== Your goal ==
There should be no pictures in your answer, only an exact copy of the lines from the one with "Meatfly Meatfly Herren Geldbörse Huey Black" through the end of the material.

== Given data ==

►

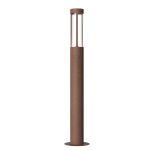 Nordlux Helix Sokkelampe Cortenstål Brun | 150mm - IP44 - Egnet for GU10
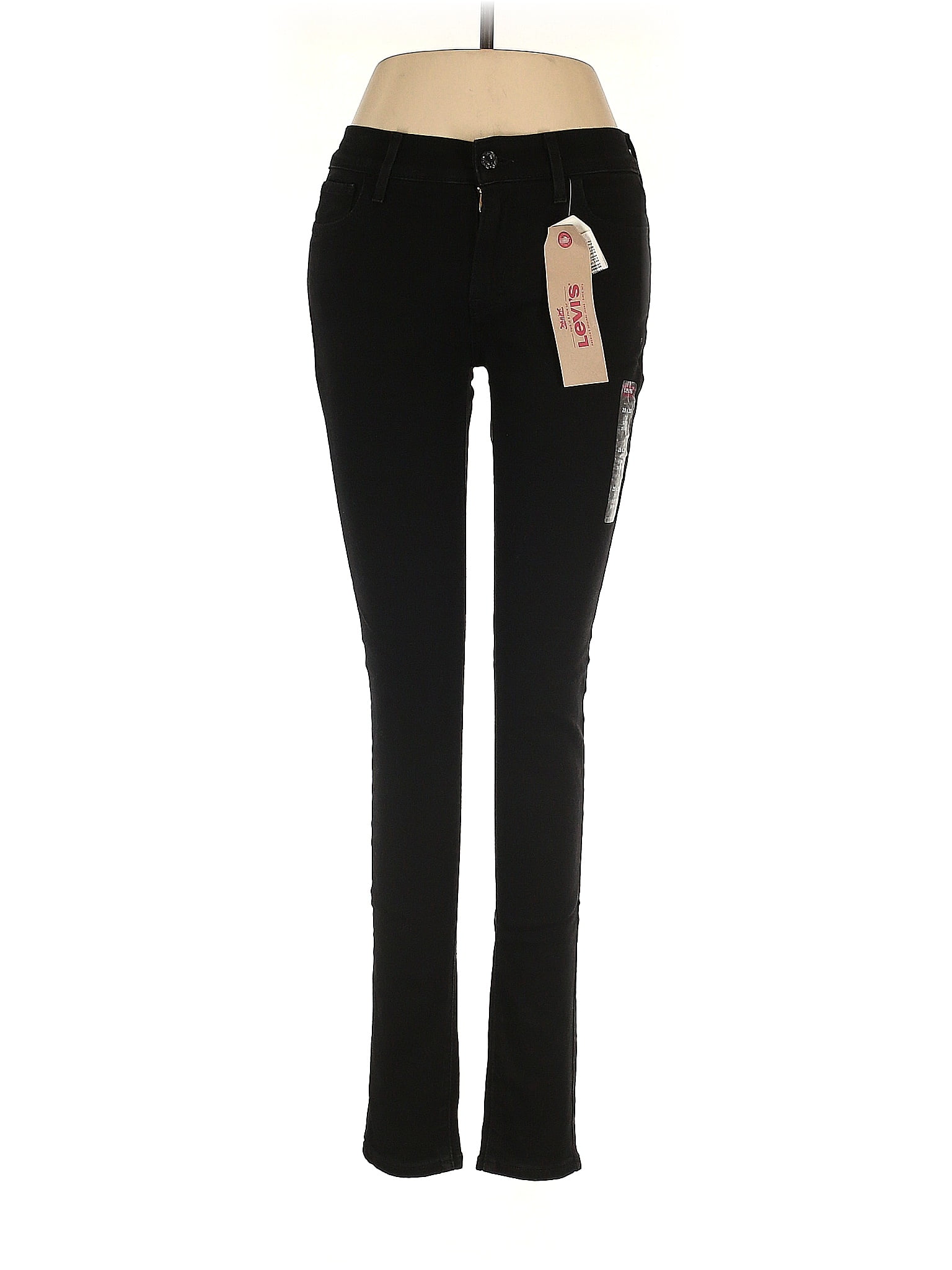 Levi's Black Jeans 29 Waist 64 off thredUP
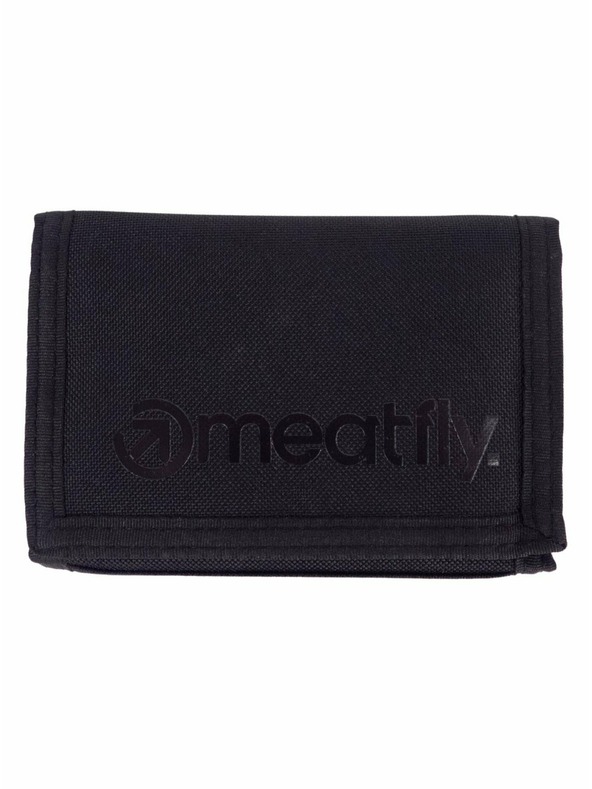 Meatfly Meatfly Herren Geldbörse Huey Black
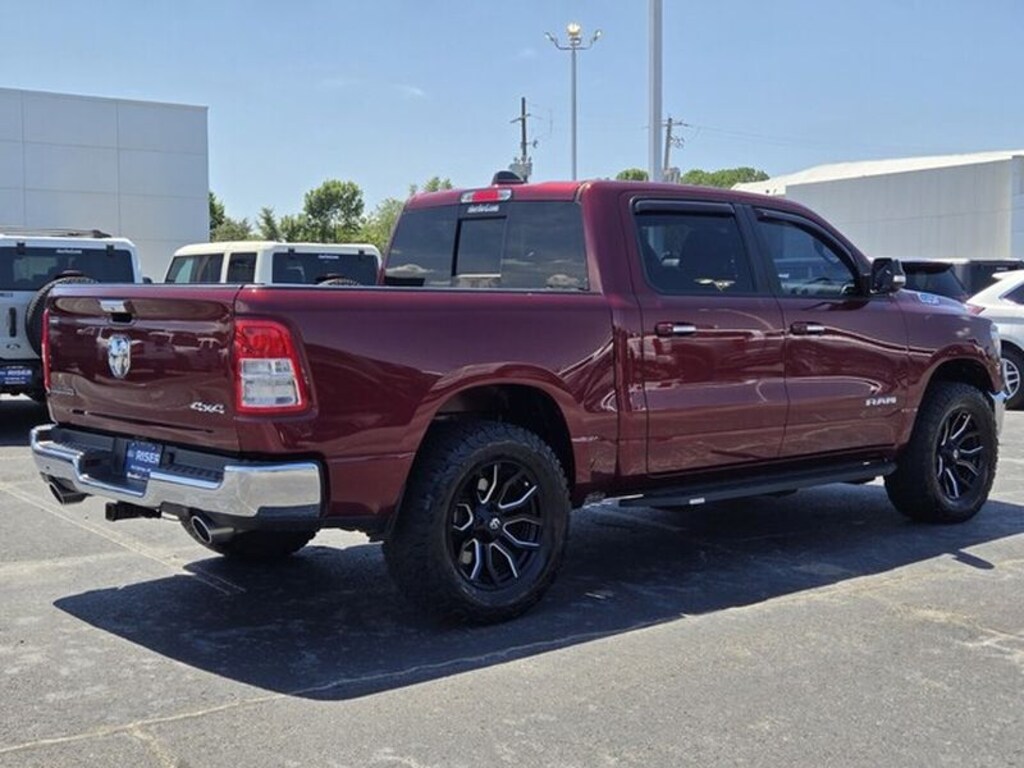 Certified 2020 Ram 1500 Big Horn Crew Cab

◄

== Problem solution ==
 Meatfly Meatfly Herren Geldbörse Huey Black
 Certified 2020 Ram 1500 Big Horn Crew Cab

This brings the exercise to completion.